Hi.
I have just set up a Meraki VMX100 in my Azure cloud. We are using this to create a site to site vpn with our on premise MX64 (soon to be upgraded to an MX84). The documentation I obtained from Cisco was a little outdated, the biggest issue being that you can't bind the routing table that you create with the VMX100 nic as it's a managed application and there is a system configured denial even if you are the owner. I did create a routing table and bound it to the vnet that the VMX100 is associated with. The VMX is not routing correctly, though although the routes I set up have been shared with the on premise MX64.
The site to site tunnel is up, running and passing traffic.
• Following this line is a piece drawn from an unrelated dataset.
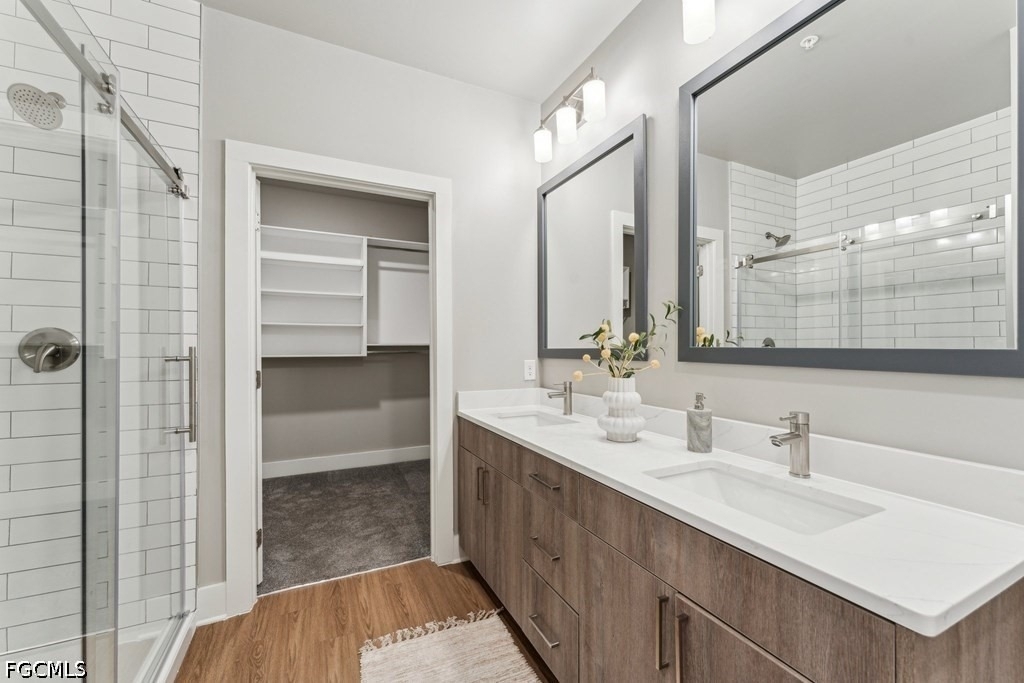 10800 Colonial Gateway Drive - Photo 45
From a physical machine on premises, I can tracert to the VMX, using its internal, non public IP address. This is exactly what I expected and what should be happening.
>tracert 10.0.9.4
From on premise physical server to AzureVMX100
Tracing route to 10.0.9.4 over a maximum of 30 hops
1 <1 ms <1 ms <1 ms 10.0.0.1 On premise Meraki
2 20 ms 21 ms 20 ms 10.0.9.4 IP of VMX100
Trace complete.
I have 2 vnets that have virtual machines on them that the VMX is supposed to be routing to. One is a subnet of the vnet the VMX is on, 10.0.9.32/28 and the other is 10.0.8.32/28.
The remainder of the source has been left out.